*Work to complete*:
Please count the lines in this listing that include the string "Chanel", and give only the number.

+-------+

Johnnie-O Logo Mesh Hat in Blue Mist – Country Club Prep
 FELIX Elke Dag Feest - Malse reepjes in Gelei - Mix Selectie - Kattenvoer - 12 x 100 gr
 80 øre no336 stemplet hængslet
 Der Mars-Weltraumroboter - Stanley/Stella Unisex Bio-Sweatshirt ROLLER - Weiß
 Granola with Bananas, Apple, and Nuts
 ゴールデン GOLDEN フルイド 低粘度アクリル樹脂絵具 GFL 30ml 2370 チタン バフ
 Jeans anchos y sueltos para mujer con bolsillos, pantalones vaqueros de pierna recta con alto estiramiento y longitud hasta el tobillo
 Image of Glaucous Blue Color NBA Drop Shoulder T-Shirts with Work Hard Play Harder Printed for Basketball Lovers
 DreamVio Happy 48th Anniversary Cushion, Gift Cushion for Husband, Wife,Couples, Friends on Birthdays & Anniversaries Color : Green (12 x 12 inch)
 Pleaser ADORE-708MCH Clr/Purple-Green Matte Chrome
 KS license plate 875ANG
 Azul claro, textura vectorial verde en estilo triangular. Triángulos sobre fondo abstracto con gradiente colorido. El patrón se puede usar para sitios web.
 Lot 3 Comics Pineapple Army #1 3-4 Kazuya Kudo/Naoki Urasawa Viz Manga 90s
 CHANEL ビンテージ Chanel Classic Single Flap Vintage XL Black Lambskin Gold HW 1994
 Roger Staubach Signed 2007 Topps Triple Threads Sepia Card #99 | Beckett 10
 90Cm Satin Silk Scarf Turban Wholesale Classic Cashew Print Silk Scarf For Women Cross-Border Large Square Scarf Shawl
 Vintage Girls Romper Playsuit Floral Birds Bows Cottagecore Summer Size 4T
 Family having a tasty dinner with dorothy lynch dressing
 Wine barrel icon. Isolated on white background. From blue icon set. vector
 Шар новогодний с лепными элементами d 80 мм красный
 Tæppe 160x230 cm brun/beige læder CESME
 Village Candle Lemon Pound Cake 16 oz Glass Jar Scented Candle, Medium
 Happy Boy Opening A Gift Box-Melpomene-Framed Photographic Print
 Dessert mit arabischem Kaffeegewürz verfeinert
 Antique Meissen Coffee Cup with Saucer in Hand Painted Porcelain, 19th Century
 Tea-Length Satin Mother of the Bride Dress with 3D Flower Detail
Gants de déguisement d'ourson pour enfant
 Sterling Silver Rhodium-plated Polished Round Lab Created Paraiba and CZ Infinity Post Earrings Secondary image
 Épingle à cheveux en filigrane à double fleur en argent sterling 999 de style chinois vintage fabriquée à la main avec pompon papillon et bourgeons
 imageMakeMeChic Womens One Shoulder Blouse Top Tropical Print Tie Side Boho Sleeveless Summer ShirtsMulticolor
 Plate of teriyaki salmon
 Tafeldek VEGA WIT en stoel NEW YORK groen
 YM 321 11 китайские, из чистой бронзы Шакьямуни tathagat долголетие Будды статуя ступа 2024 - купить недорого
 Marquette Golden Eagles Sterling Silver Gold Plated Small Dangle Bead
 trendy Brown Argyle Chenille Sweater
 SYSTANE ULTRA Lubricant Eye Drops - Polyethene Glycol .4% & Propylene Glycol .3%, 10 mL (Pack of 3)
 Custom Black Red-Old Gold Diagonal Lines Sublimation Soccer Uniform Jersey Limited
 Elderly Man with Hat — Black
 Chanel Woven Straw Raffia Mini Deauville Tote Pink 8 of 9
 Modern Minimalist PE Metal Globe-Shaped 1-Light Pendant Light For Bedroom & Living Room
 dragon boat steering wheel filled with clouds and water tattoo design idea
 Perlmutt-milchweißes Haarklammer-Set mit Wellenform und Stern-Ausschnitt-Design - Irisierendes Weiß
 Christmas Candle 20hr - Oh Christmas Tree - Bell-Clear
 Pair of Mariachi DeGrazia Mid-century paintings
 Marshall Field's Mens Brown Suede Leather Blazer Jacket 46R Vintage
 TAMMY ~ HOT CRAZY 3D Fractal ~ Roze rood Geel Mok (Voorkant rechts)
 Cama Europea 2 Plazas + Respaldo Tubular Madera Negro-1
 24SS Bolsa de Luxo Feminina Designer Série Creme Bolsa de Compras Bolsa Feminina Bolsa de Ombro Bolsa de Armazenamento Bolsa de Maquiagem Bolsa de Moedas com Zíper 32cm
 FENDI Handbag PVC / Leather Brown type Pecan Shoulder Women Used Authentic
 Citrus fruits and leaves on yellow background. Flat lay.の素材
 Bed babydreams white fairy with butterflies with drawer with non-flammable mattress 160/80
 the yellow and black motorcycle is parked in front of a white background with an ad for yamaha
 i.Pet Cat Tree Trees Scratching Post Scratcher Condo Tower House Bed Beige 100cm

+-------+

*Solution for this task*:
2